EXERCISE INSTRUCTIONS: In this exercise, write out the data word for word and leave every image out.

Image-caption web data

============

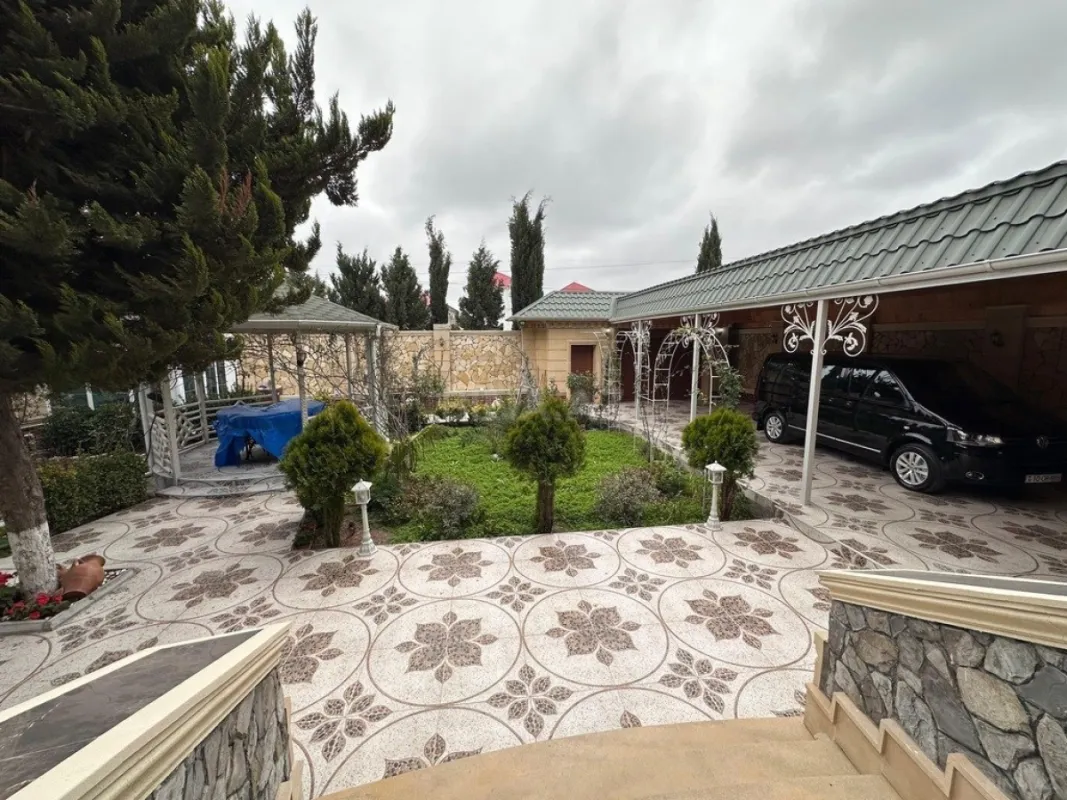 Satılır 7 otaqlı həyət evi 220 m²
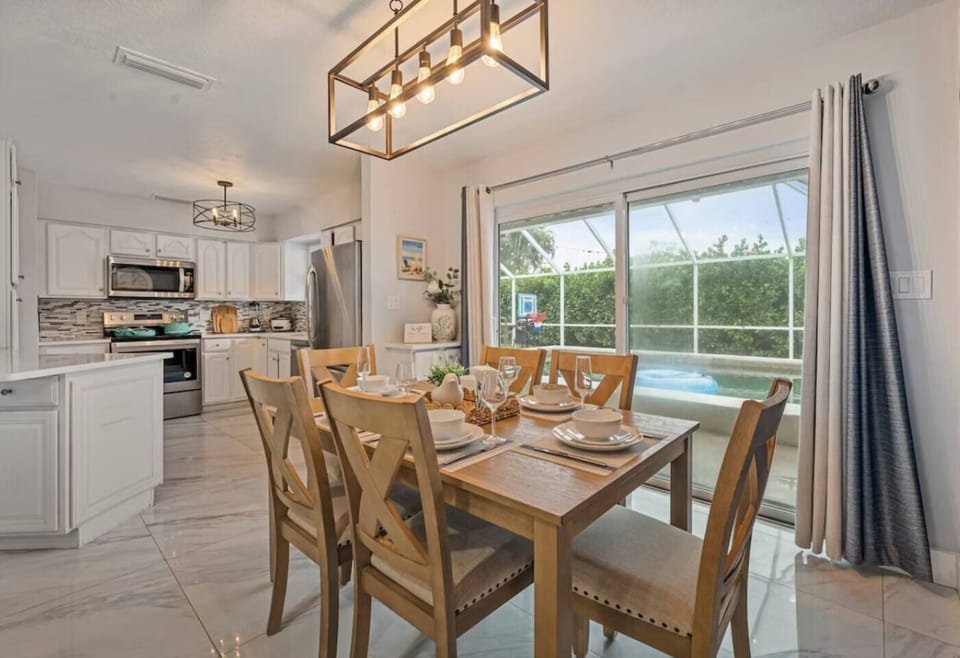 65e956fe-88c7-46b9-9939-b36d89b0d9a5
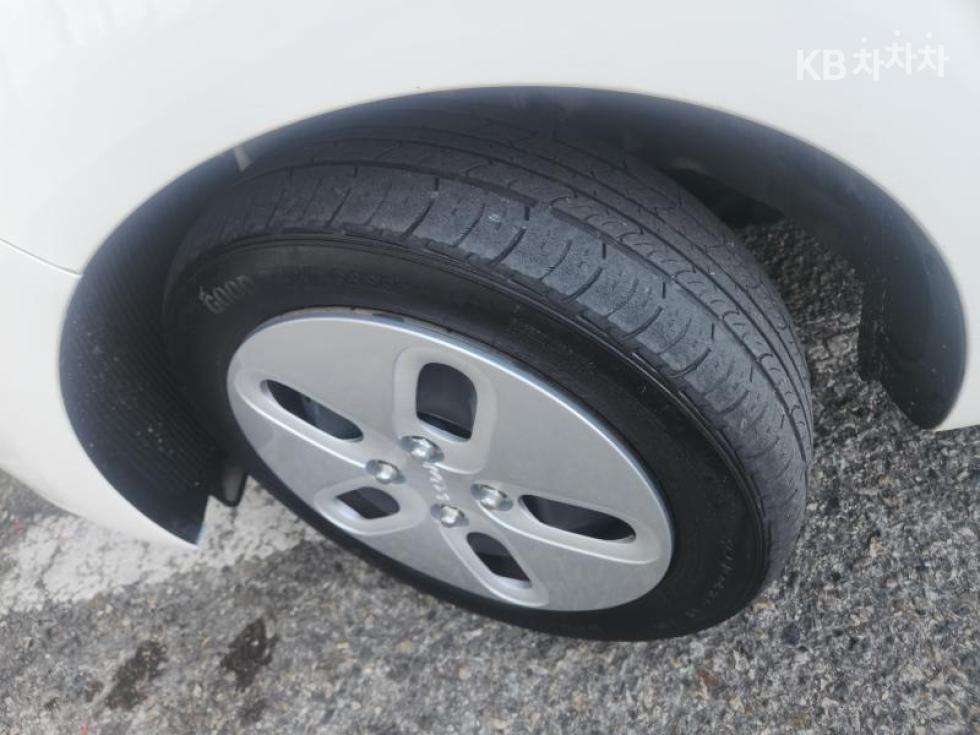 2022 - kia ray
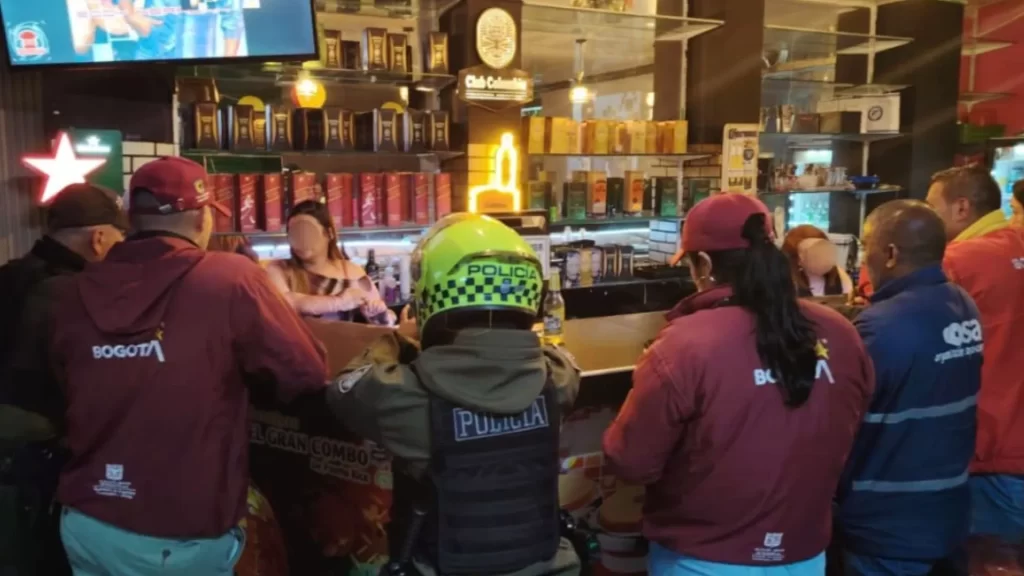 ¡Ojo a lo que se toma! Intervienen ocho bares en Bogotá por vender licor adulterado y cerveza vencida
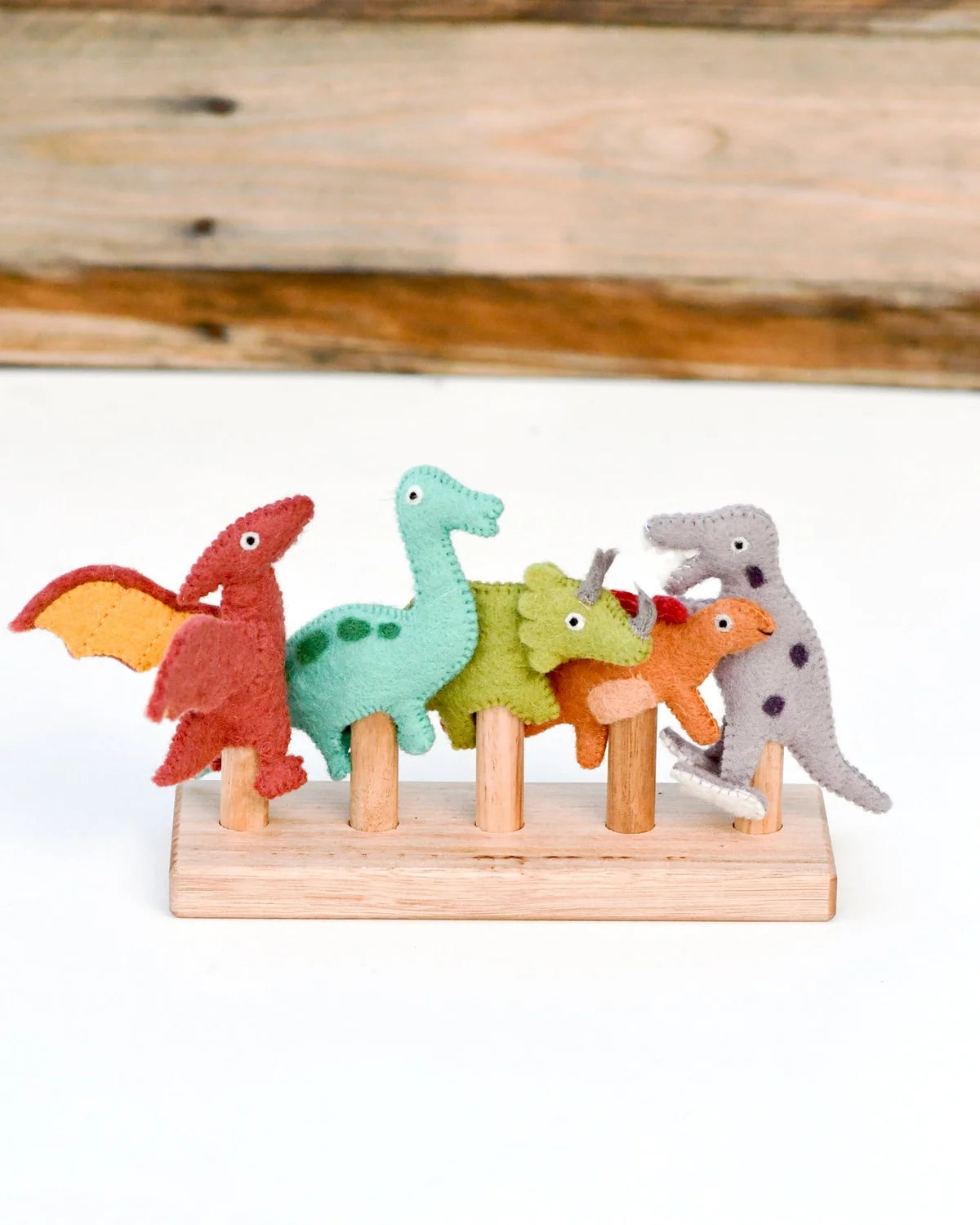 Tara's Treasures Dinosaur Finger Puppets Set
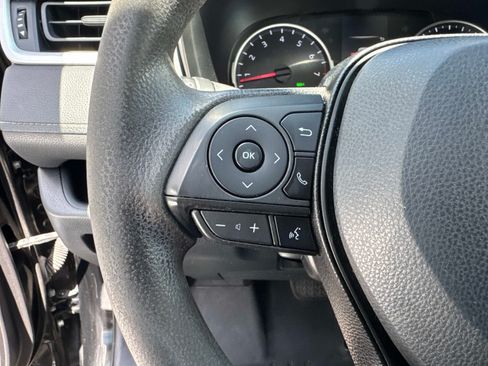 Used 2020 Toyota RAV4 XLE FWD image 31
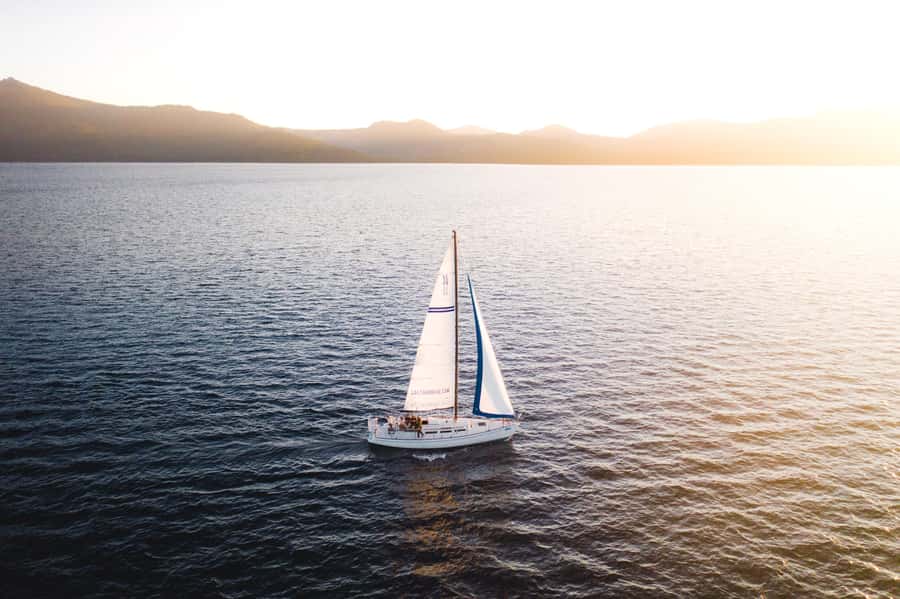Lake Tahoe: 2-Hour Sailing Cruise with Drinks - The crew and the feeling of safety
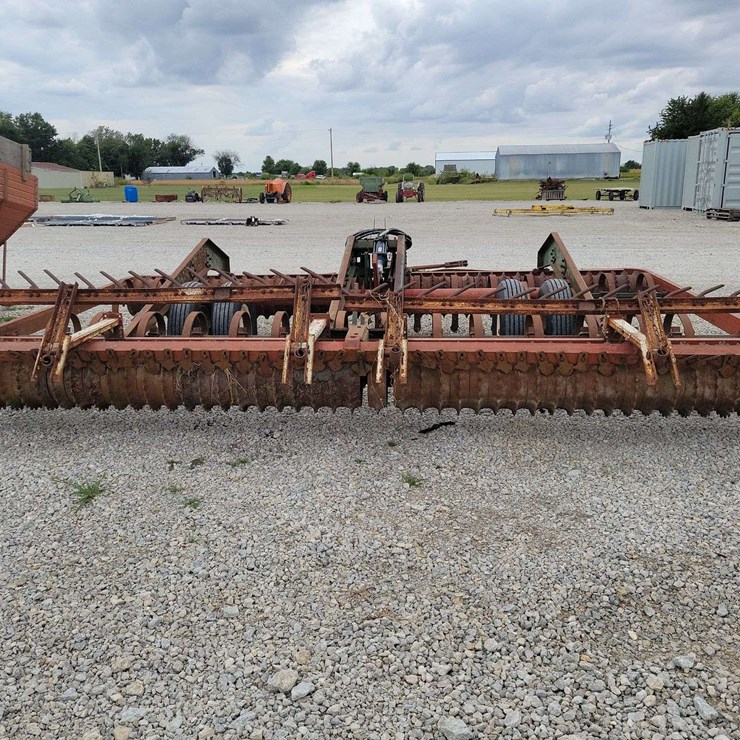 15ft Brillion Cultipacker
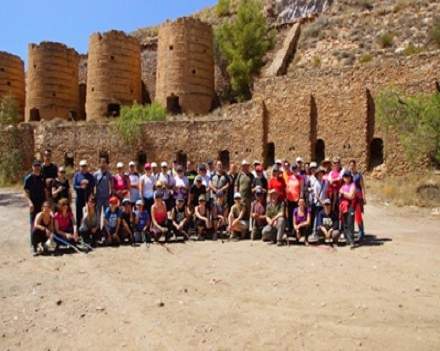 Noticia de Almería 24h: Un grupo de senderistas visitan “la Mina de los Tres Pacos” 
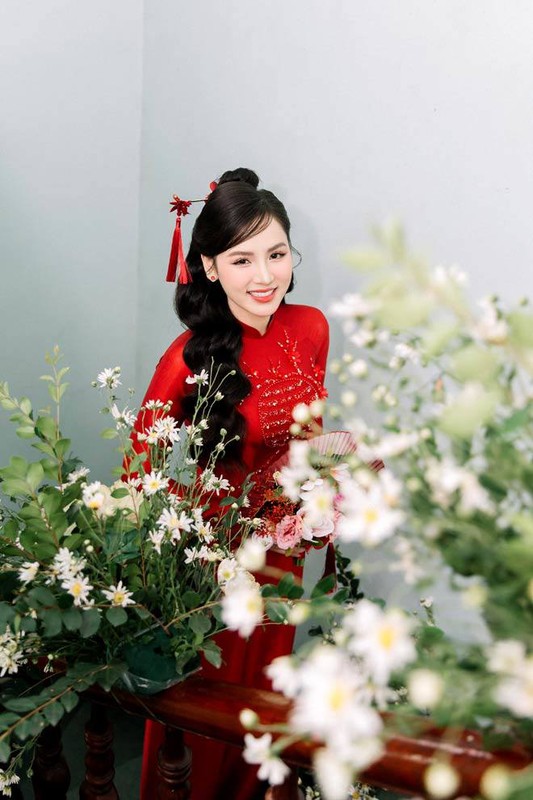 Trong bộ váy cưới lộng lẫy, cô dâu Đặng Ngân khoe nhan sắc đẹp lung linh. Điều khiến nhiều người tò mò là nàng “hot girl World Cup” luôn giấu kín diện mạo chú rể.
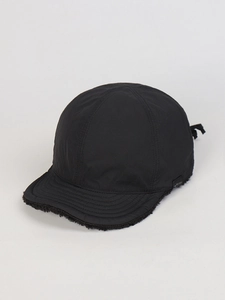 Dettaglio del cappello invernale in nylon con fodera in lana e cinturino regolabile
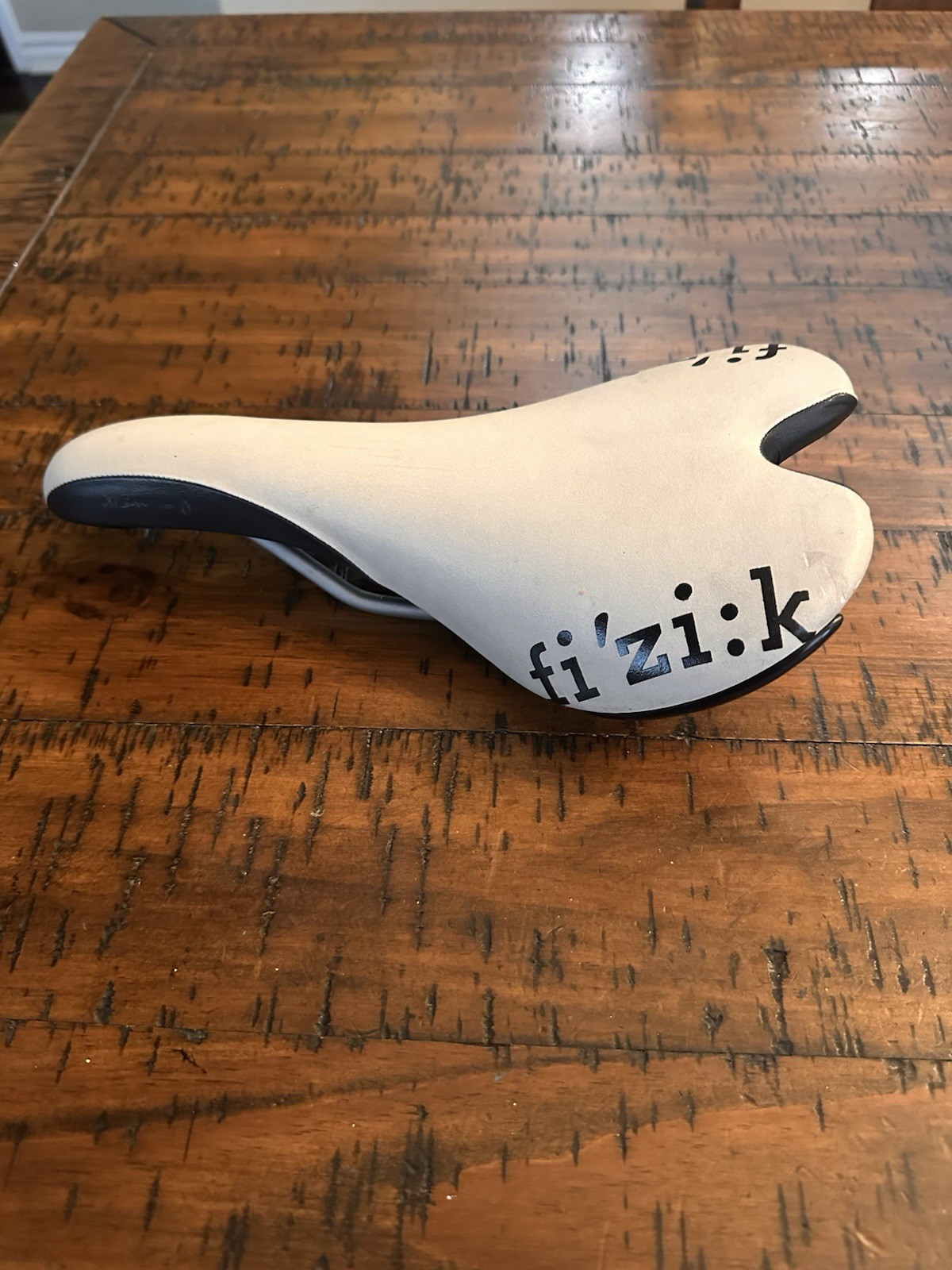 FIZIK ALIANTE TWIN FLEX Saddle White/ Black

============

RESPONSE TO THE TASK:
 Satılır 7 otaqlı həyət evi 220 m²
 65e956fe-88c7-46b9-9939-b36d89b0d9a5
 2022 - kia ray
 ¡Ojo a lo que se toma! Intervienen ocho bares en Bogotá por vender licor adulterado y cerveza vencida
 Tara's Treasures Dinosaur Finger Puppets Set
 Used 2020 Toyota RAV4 XLE FWD image 31
Lake Tahoe: 2-Hour Sailing Cruise with Drinks - The crew and the feeling of safety
 15ft Brillion Cultipacker
 Noticia de Almería 24h: Un grupo de senderistas visitan “la Mina de los Tres Pacos” 
 Trong bộ váy cưới lộng lẫy, cô dâu Đặng Ngân khoe nhan sắc đẹp lung linh. Điều khiến nhiều người tò mò là nàng “hot girl World Cup” luôn giấu kín diện mạo chú rể.
 Dettaglio del cappello invernale in nylon con fodera in lana e cinturino regolabile
 FIZIK ALIANTE TWIN FLEX Saddle White/ Black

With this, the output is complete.